L'ANALISI
04 Novembre 2024 - 13:34
CREMONA - "Quincy! Me lo ritrovai ad ascoltare il brano che stavamo suonando, seduto proprio di fronte a me. Alla fine di ogni brano, Quincy mi lanciava un sorriso dolce e paterno, e mi chiesi più volte se non stessi sognando".
Il musicista e produttore cremonese Simone Bertolotti ricorda così quella sessione di prove tenutasi prima della notte del 13 luglio 2018, il giorno in cui Bertolotti suonò sul palco dell'Umbria Jazz Festival insieme al leggendario Quincy Jones, scomparso ieri all'età di 91 anni. Un privilegio che davvero in pochi, oggi, possono vantare.
Trombettista jazz, polistrumentista, compositore, arrangiatore, produttore, direttore musicale, autore di colonne sonore per cinema, teatro e televisione, produttore del disco più venduto della storia, Thriller di Michael Jackson.
Con 79 nomination e 28 vittorie ai Grammy, Jones è stata una delle figure più influenti della musica del Novecento.

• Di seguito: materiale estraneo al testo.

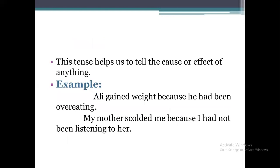We also use this tense for another purpose — it helps us tell the cause or effect of something. For example: 'Ali gained weight because he had been overeating.' Here the reason why Ali gained weight is expressed using Past Perfect Continuous tense. Another example: 'My mother scolded me because I had not been listening to her.' So in both examples, we have the cause or effect of why something happened.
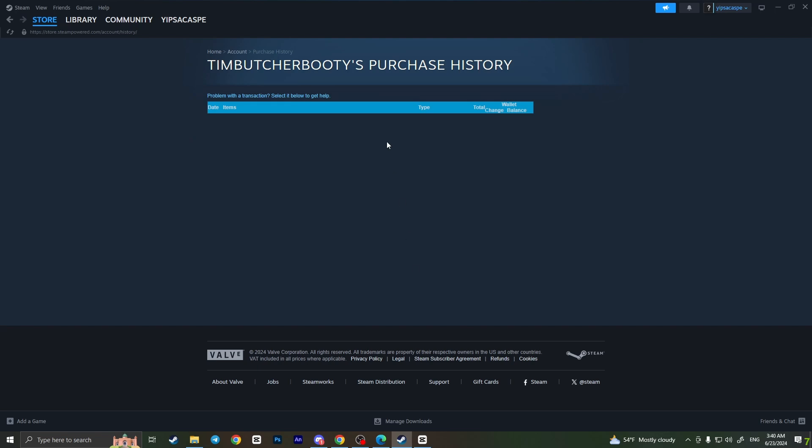And basically, that's it. That's how you can view your purchase history on Steam. If you found this video useful, leave a like and subscribe to the channel. Thank you!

"In questa mattina così triste - racconta Bertolotti -, non posso fare a meno di rituffarmi in quel sogno vissuto sei anni fa. Ripenso a quel marzo: chiuso nel mio studio, in un momento di reale sconforto, ricevetti una telefonata da quello che oggi è un mio carissimo amico, Nanni Zedda. Mi disse che a luglio ci sarebbe stato un grosso evento in Italia per celebrare l'ottantacinquesimo compleanno di Quincy Jones, e che lui sarebbe stato il regista. Mi domandò di sostituire il tastierista della Quincy Jones Big Band (all’epoca, Greg Phillinganes) per la data all’Umbria Jazz Festival. Sul momento, pensai che Nanni, che non conoscevo così bene, fosse uscito di testa e, con molta superficialità e incoscienza, gli risposi di sì".
La ricostruzione di Bertolotti torna al momento in cui ricevette una mail da parte della produzione di Jones: "Al suo interno trovai un link per scaricare una parte del repertorio. Ricordo quel momento come se fosse ieri. Ero a casa, in cucina. Senza dire nulla, cliccai e dopo pochi secondi la cartella 'Q85 score part 1' apparve nella pagina dei download. Bastò la prima pagina a farmi perdere i sensi. Ero pervaso da un mix di gioia e terrore: quelle parti erano assolutamente complicatissime! Solo per memorizzare gli ostinati delle prime due pagine ci avrei messo un mese intero, e ne avevo 500 da imparare in meno di tre settimane: 3 ore e 30 di repertorio. Quella notte la passai completamente in bianco". Dallo studio alla sala prove, in compagnia di musicisti come Nathan East, Harvey Mason e John Clayton, fino all'arrivo di Jones: "Mi ritrovai seduto in mezzo a quattro amici che si raccontavano aneddoti che spaziavano da Frank Sinatra a Michael Jackson, da Ray Charles a Count Basie. Quando arrivò il grande giorno, non avrei mai voluto che finisse. L’emozione che ho provato quella sera è qualcosa che non dimenticherò mai. La serata si concluse con Quincy sul podio a dirigere l’orchestra in 'Let the Good Times Roll'. I suoi sguardi sorridenti sono stati, ad oggi, la miglior ricompensa per il lavoro di una vita intera, fatto di studio, fatica, concerti e album".